Abstract
DNA cytosine methylation (hereafter, DNA methylation) has a critical role in cell lineage specification as well as
suppression of repetitive and transposable elements in the genome. DNA methyltransferases attach a methyl
group to generate 5-methylcytosine (5mC); TET methylcytosine dioxygenases cause DNA demethylation by
oxidizing the methyl group of 5mC to 5-hydroxymethylcytosine (5hmC) and beyond. We have shown that TET-
deficient cell types display not only the expected increase in DNA methylation at promoters and enhancers, but
also a paradoxical decrease in DNA methylation in heterochromatic regions of the genome. The consequences
of these molecular features remain to be understood, but similar alterations in genome-wide DNA methylation
patterns have been observed in cancer and aging.
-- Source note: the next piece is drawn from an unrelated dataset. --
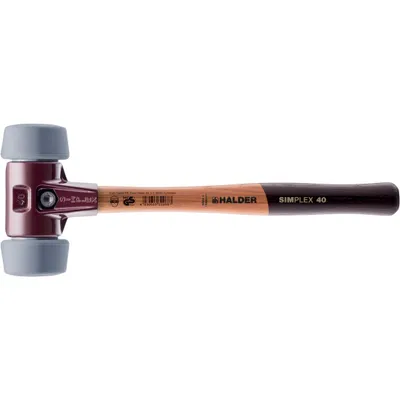 Produktbild von HALDER SIMPLEX Schonhammer Ø 50:40 mm TPE-mid grau mit Tempergussgehäuse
By studying the phenotypes of several mouse strains in which Cre recombinase was expressed either inducibly
or developmentally in immune/ hematopoietic cell types, we showed that deletion of two or more Tet genes
skewed cell lineage commitment in the relevant cell type, in a manner that correlated with changes in cell lineage
commitment. More striking phenotypes, however, were that Tet2/3 fl/fl CD4Cre mice displayed massive TCR-
dependent expansion of iNKT cells; and that Tet2/3 fl/fl Foxp3Cre mice developed a dominant proinflammatory
phenotype observed in heterozygous female mice, in mixed bone marrow chimaeras, and in immunocompetent
recipients injected with total CD4+ T cells from Tet2/3 fl/fl Foxp3Cre mice. This phenotype differs markedly from
that observed in heterozygous Foxp3+/- females and in immunocompetent mice injected with Foxp3-deficient
cells, which do not develop disease. In Aim 1, we will address the mechanisms underlying the striking expansion
of Tet2/3-deficient iNKT cells by using adoptive transfer approaches in vivo and recently-developed cell culture
systems that recapitulate the expansion in vitro. In Aim 2, we will ask whether the dominant autoimmune/
inflammatory phenotype of Tet2/3-deficient T regulatory cells requires, directly or indirectly, the decreased DNA
methylation in heterochromatin observed in every TET-deficient cell type examined so far. Decreased DNA
methylation in heterochromatin results in “heterochromatin dysfunction”, an aberrant cellular condition linked to
autoimmune/ inflammatory disorders, cancer, aging, and neurodegenerative diseases, that stems from aberrant
expression of transposable elements (TEs) and resulting DNA damage. DNA damage provokes “sterile
inflammation”: activation of innate immune sensing pathways for RNA and DNA with consequent upregulation
of type I interferons, interferon-induced genes and proinflammatory cytokines (e.g. IL-1b, IL-6, IFNg, IL-17)
Our proposed experiments will add to our knowledge of how TET proteins influence T cell expansion and T
regulatory function. More broadly, they will enhance our general understanding of the links connecting TET
deficiency and TE expression with autoimmune/ inflammatory diseases, clonal hematopoiesis, a premalignant
syndrome of older individuals associated with inflammation and cardiovascular disease, and cancer.